What the task asks: Of the lines in the material below, print only those from the one containing "East Moon Collagen" to the one containing "Brinton UV DOUX", ends included, exactly as written and without pictures.

------------

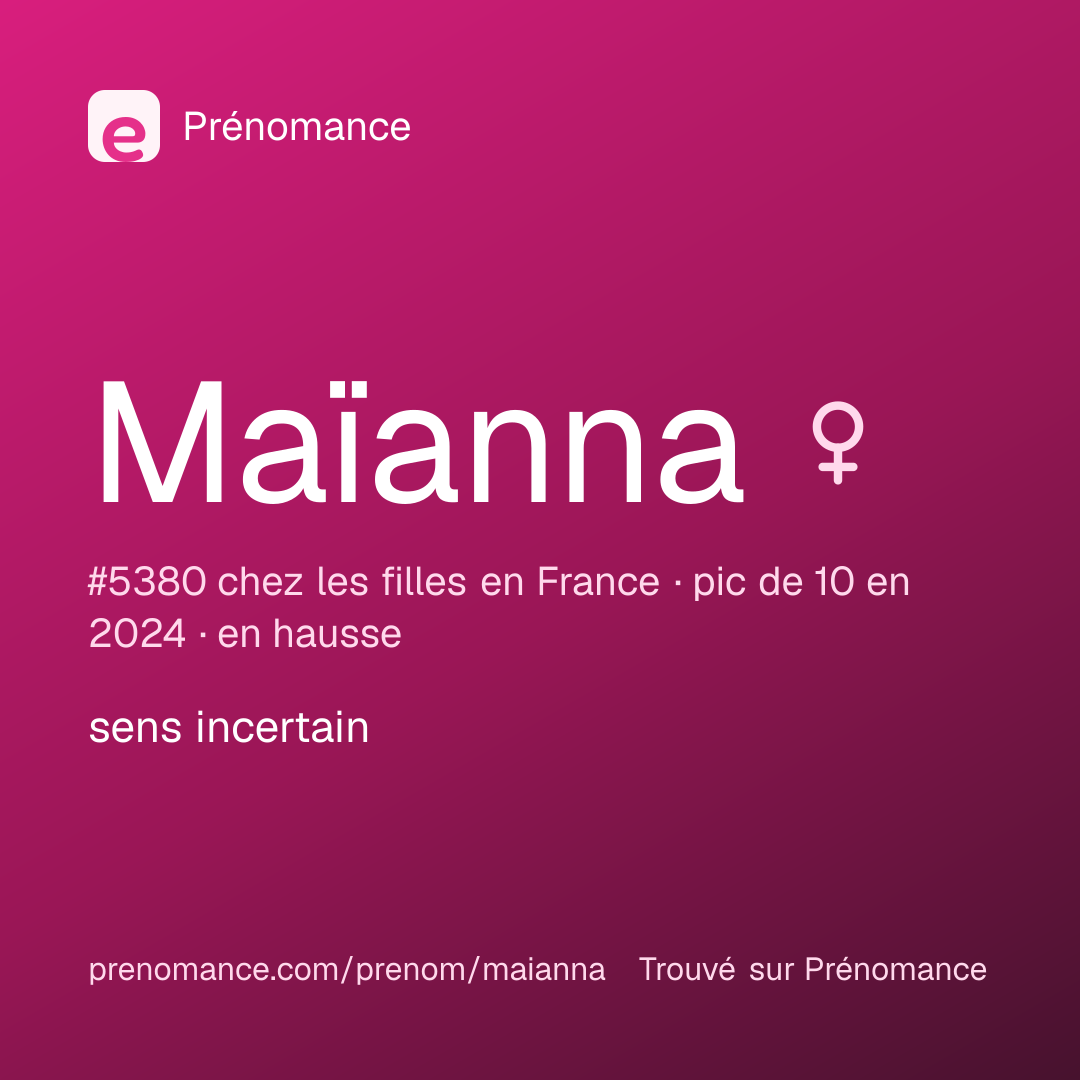 Carte de partage du prénom Maïanna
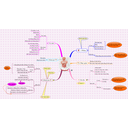Show  Image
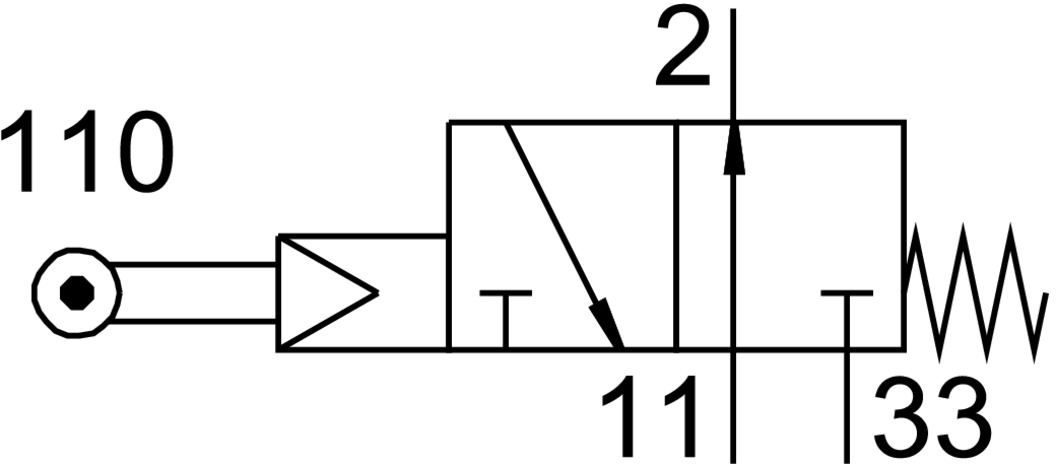 Roller lever valve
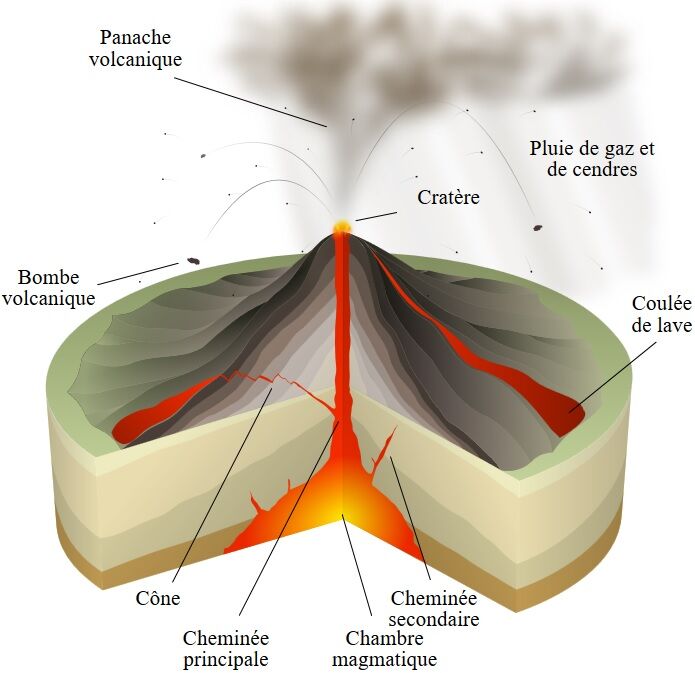 Lorsqu'un Volcan Se Déchaîne On Parle D'équation Les volcans | Alloprof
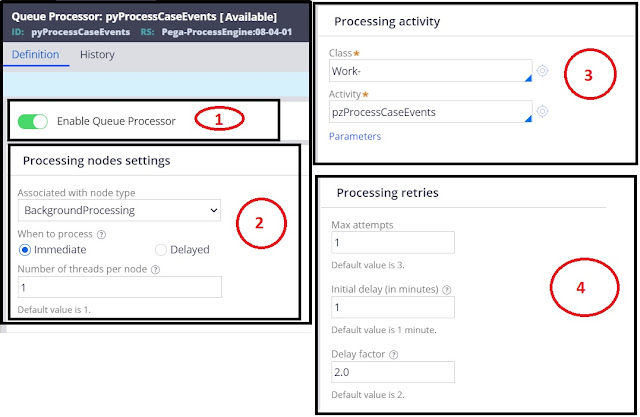 Queue processor rule in pega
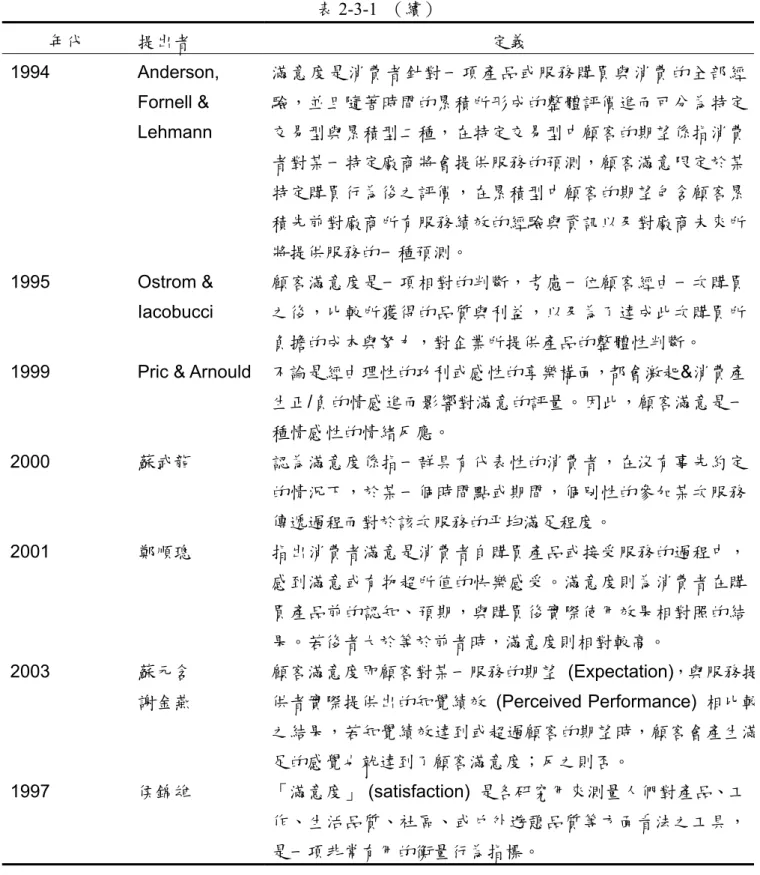 表 2-3-1  （續）  年代  提出者  定義  1994 Anderson,  Fornell &amp;  Lehmann  滿意度是消費者針對一項產品或服務購買與消費的全部經驗，並且隨著時間的累積所形成的整體評價進而可分為特定交易型與累積型二種，在特定交易型中顧客的期望係指消費 者對某一特定廠商將會提供服務的預測，顧客滿意限定於某 特定購買行為後之評價，在累積型中顧客的期望包含顧客累 積先前對廠商所有服務績效的經驗與資訊以及對廠商未來所 將提供服務的一種預測。  1995  Ostrom &amp
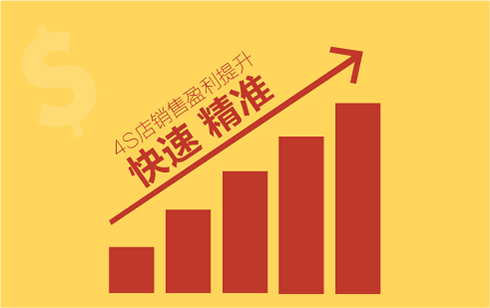 4S店盈利能力提升培訓輔導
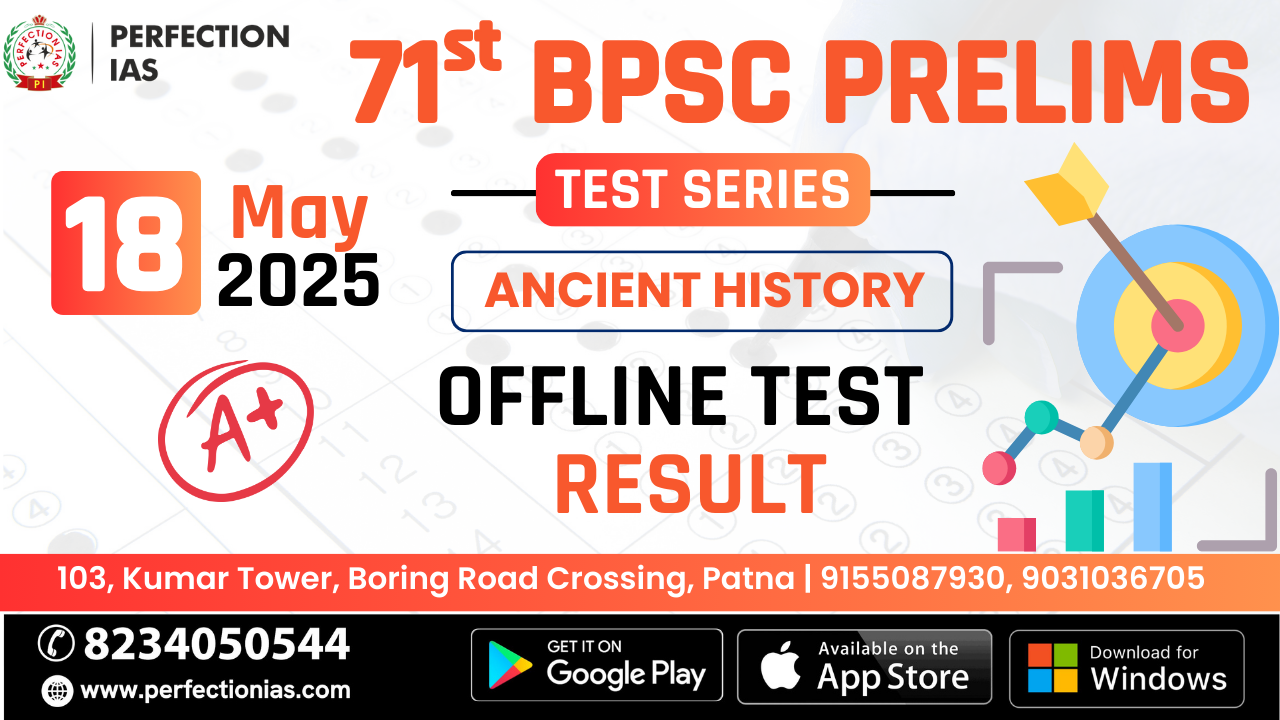 Ancient History Test-01 Offline Result
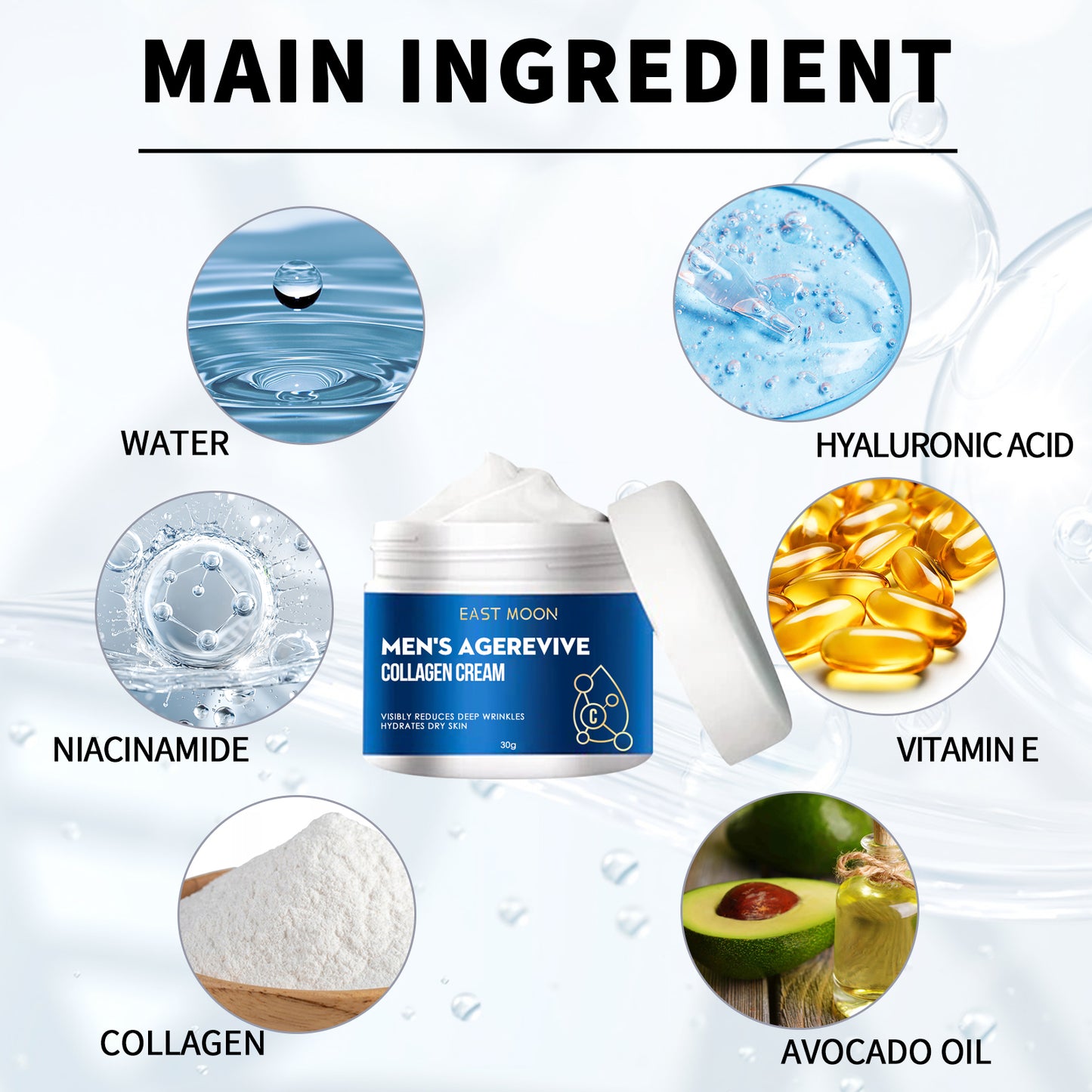 East Moon Collagen Wrinkle Remover Cream for Men, Anti Aging Fade Fine Lines Tightening Hydrating Cream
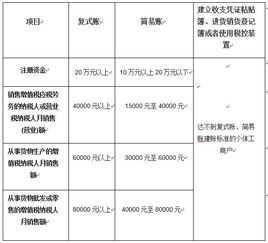 定了 个体户建账时间 10月24日前,不记账 严查,不报税 罚款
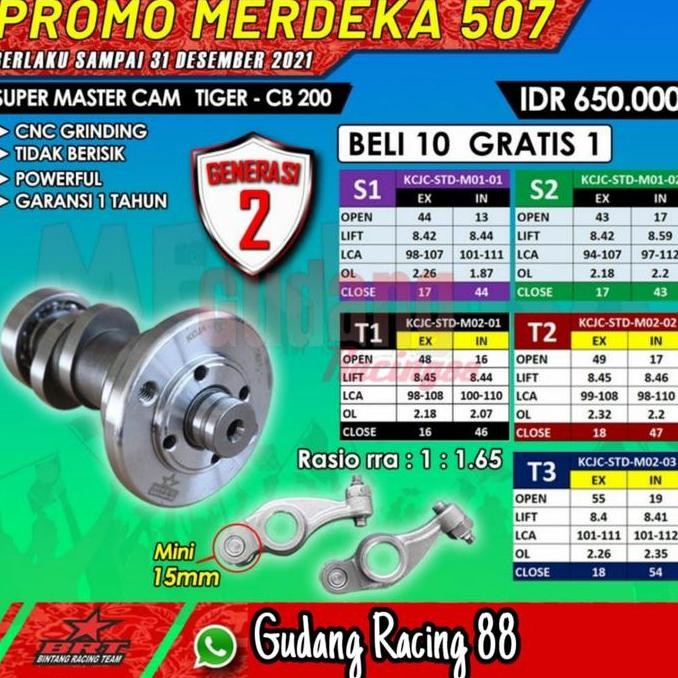 MASTER CAM BRT NOKEN AS + PELATUK BRT GEN 2 TER GL PRO CB 100 125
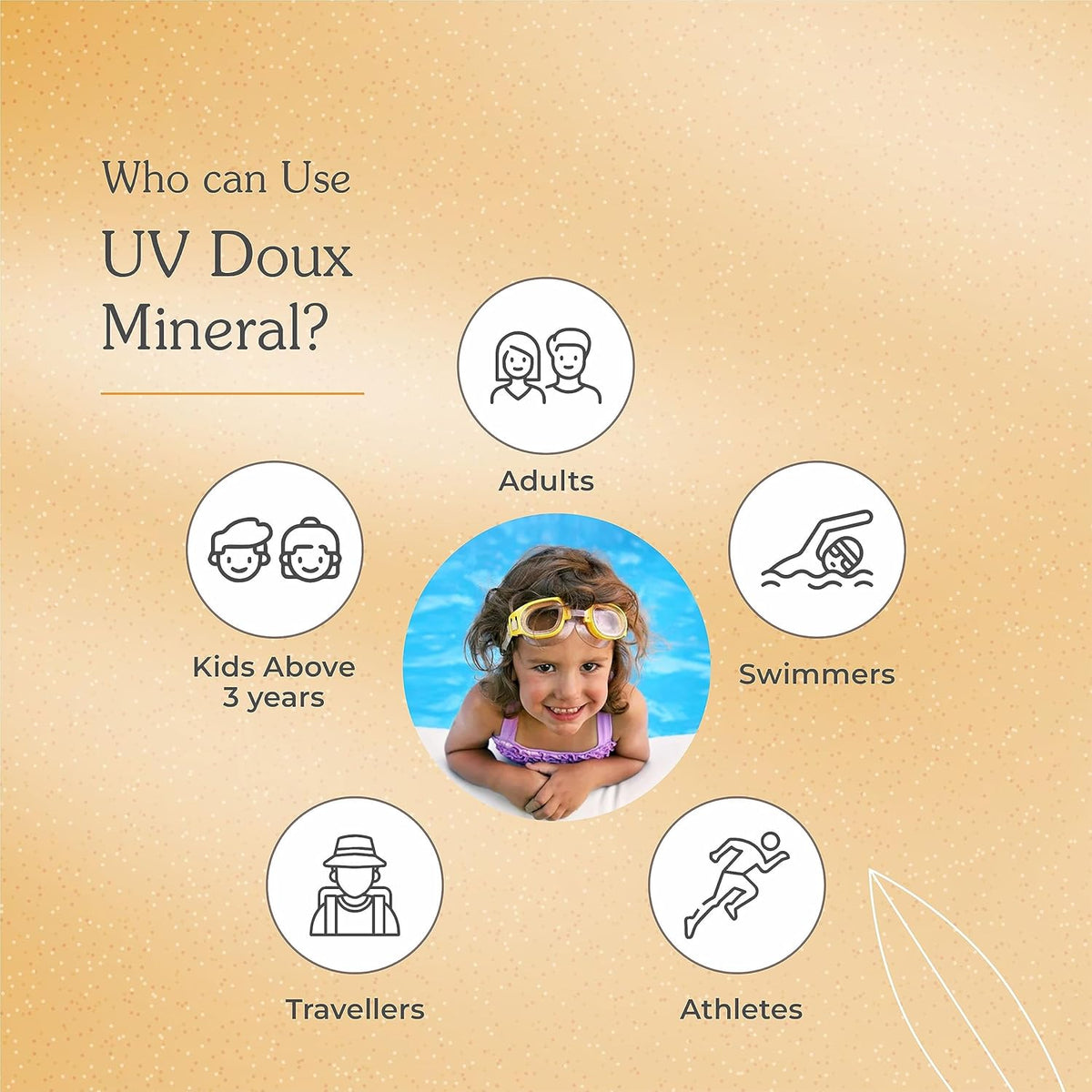 Brinton UV DOUX Mineral Sunscreen Gel - Sun Care Protection, 50g - Image 4
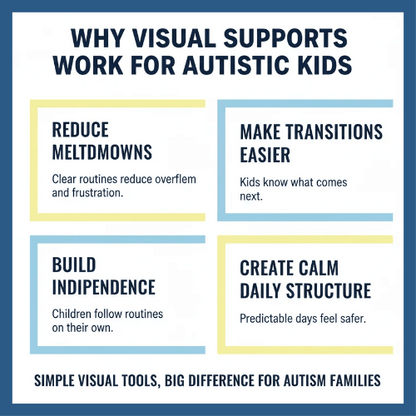 Visual Routine Bundle for Autism & ADHD | Your Child Refuses, Shuts Down & Melts Down... Give Them the Clarity That Finally Brings Peace | Printable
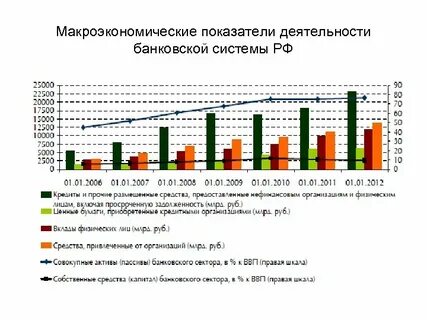 Проблемы современных банков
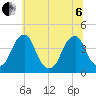 Stow Creek Canton tide chart for Wednesday, July 6, 2022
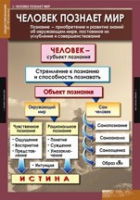 Обществознание X - XI класс (комплект таблиц) - «globural.ru» - Карпинск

------------

Output:
 East Moon Collagen Wrinkle Remover Cream for Men, Anti Aging Fade Fine Lines Tightening Hydrating Cream
 定了 个体户建账时间 10月24日前,不记账 严查,不报税 罚款
 MASTER CAM BRT NOKEN AS + PELATUK BRT GEN 2 TER GL PRO CB 100 125
 Brinton UV DOUX Mineral Sunscreen Gel - Sun Care Protection, 50g - Image 4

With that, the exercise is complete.